Aunque el filósofo pretendía dar a entender, maliciosamente, que el nuevo partido fue escogido por el establishment, o por alguna de esas fuerzas ocultas estilo Trilateral o CIA que obsesionan a los conspiranoicos progres, la verdad es que es un sector no desdeñable de la sociedad pensante el que ve a Ciudadanos como una viga maestra del andamiaje que apuntala el régimen, sí, pero el régimen constitucional y democrático, contra la embestida de secesionistas, chavistas, antieuropeístas, yihadistas y otras tribus enemigas de nuestras libertades y de nuestra convivencia.

Pantomima demagógica

La reflexión no termina aquí. El ciudadano independiente que deposita su voto a favor del PP tiene derecho a exigir que ninguno de sus candidatos, y sobre todo ninguno de los más relevantes, lo tome por idiota. Que es lo que hizo Esperanza Aguirre cuando se sumó a la manifestación antiaborto del 14 de marzo, en Madrid, sonriendo bajo una pancarta con la leyenda "Yo rompo con Rajoy". Que quede claro: si esas son sus convicciones, tenía no sólo el derecho sino el deber de estar allí. Pero el tema no se presta a frivolidades. Si Esperanza Aguirre piensa, como los promotores de la manifestación y quienes asistieron a ella, que la ley de aborto, vigente durante todos los gobiernos del PSOE y del PP, así como en todos los países de nuestra civilización, es un instrumento para ejecutar el infanticidio masivo, lo normal sería que rompiera públicamente con todos quienes colaboran con esa atrocidad y recogiera el testigo de la cruzada que abandonó su eterno rival, Alberto Ruiz Gallardón. Acudir a la manifestación y continuar postulándose como candidata del partido acusado de ser cómplice y ejecutor de la iniquidad que en ella se denunciaba no pasa de ser una pantomima demagógica, que agravia más a quienes la jalearon allí que a quienes estuvimos ausentes porque pensamos que aquel tinglado se montó sobre una falacia.

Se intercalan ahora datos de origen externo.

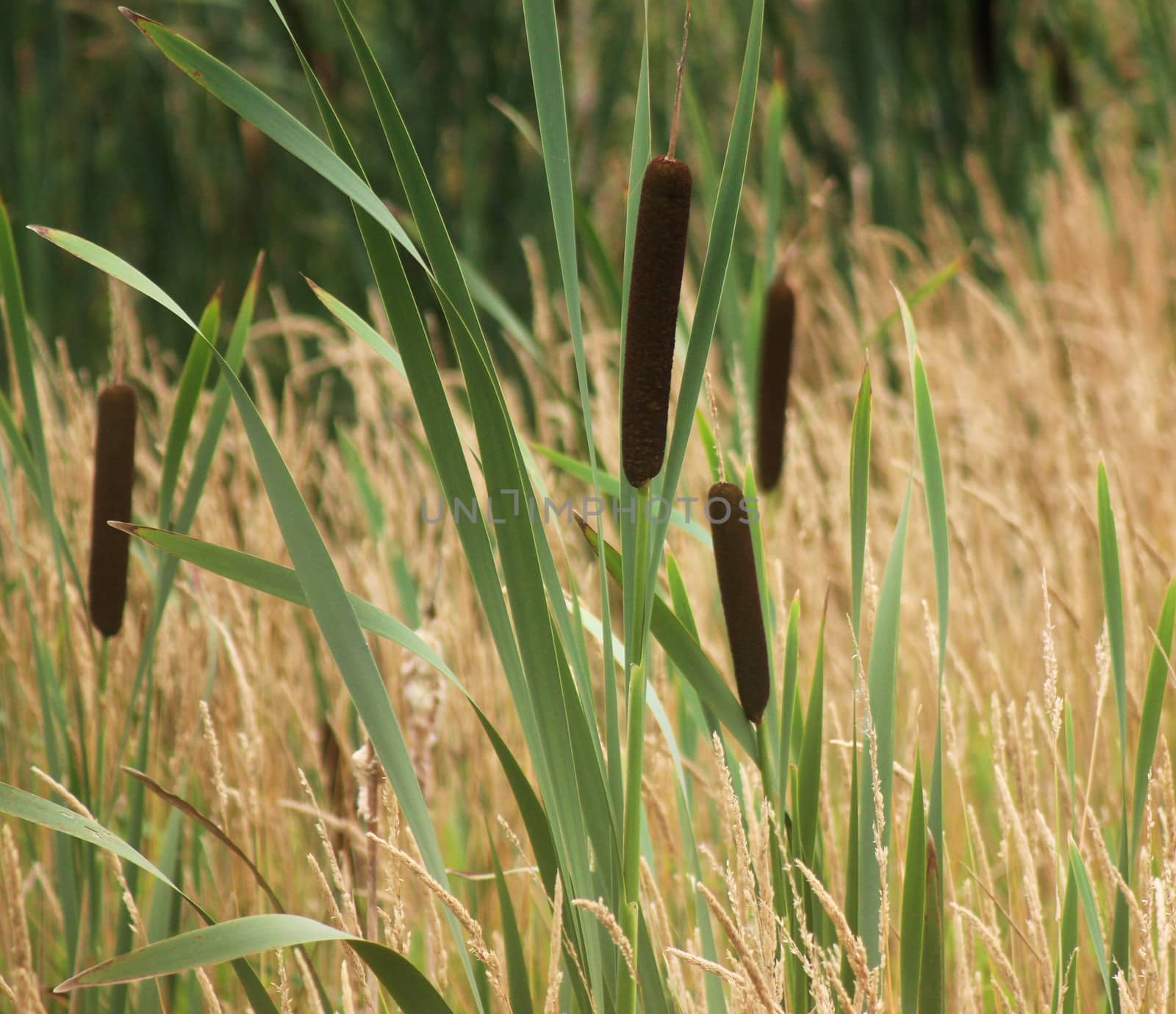 Close-up image of a Bulrush, also called Great Reedmace.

Recuerdo con nostalgia aquel artículo, no tan lejano (El País, 23/9/2012), en el que Mario Vargas Llosa definió a Esperanza Aguirre como

una Juana de Arco liberal. (…) Contra una izquierda dura, dogmática y vanidosa y contra una derecha conservadora y ultra, acomplejada y acobardada frente a la izquierda.

Si omitimos la hipérbole literaria de la canonización, típica de un novelista, el elogio de Vargas Llosa se aplica con mucha más justicia a Albert Rivera y a sus compañeros de partido que a la oportunista candidata del PP a la alcaldía de Madrid. Cosa curiosa, el elogio también se aplica a Cristina Cifuentes, candidata del PP a la presidencia de la comunidad de Madrid, cuyo pensamiento está situado en las antípodas del que Aguirre aparentó sustentar de labios para afuera, ya que no en los hechos, durante la polémica manifestación. Y se aplica igualmente a los candidatos del PP en Cataluña. Y, por supuesto, a los de sus aliados potenciales, los candidatos de Ciudadanos en toda España. Razón de más para que los ciudadanos -esta vez con minúscula- iniciemos un largo periodo de reflexión hasta el día en que debamos emitir nuestro voto. Será beneficioso que los políticos ensoberbecidos también aprovechen este tiempo para enterarse de que la vida inteligente del país se encuentra fuera de sus obedientes redes clientelares.